─── Data section ───

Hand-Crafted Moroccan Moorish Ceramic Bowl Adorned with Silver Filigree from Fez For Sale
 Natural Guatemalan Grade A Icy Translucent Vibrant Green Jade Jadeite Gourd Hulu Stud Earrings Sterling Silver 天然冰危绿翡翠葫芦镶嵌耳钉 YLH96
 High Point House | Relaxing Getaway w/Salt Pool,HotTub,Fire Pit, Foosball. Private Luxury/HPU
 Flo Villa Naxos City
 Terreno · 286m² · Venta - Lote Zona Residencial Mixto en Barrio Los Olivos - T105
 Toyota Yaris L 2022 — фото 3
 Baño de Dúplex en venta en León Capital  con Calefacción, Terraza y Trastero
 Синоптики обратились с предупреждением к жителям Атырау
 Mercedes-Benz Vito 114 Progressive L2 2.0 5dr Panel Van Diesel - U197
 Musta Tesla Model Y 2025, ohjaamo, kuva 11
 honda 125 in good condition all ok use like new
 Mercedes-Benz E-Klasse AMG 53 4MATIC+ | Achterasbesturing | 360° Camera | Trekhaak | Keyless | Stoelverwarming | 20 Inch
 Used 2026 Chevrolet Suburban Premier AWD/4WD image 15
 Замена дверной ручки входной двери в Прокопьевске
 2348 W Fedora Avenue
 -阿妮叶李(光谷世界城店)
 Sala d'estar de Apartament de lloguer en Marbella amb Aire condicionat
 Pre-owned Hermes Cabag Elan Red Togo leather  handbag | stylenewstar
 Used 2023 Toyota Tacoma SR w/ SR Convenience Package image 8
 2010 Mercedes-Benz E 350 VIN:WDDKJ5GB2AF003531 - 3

───

May I have exactly the lines from the one containing "Sala d'estar de" through the last line of the data, both included?

 Sala d'estar de Apartament de lloguer en Marbella amb Aire condicionat
 Pre-owned Hermes Cabag Elan Red Togo leather  handbag | stylenewstar
 Used 2023 Toyota Tacoma SR w/ SR Convenience Package image 8
 2010 Mercedes-Benz E 350 VIN:WDDKJ5GB2AF003531 - 3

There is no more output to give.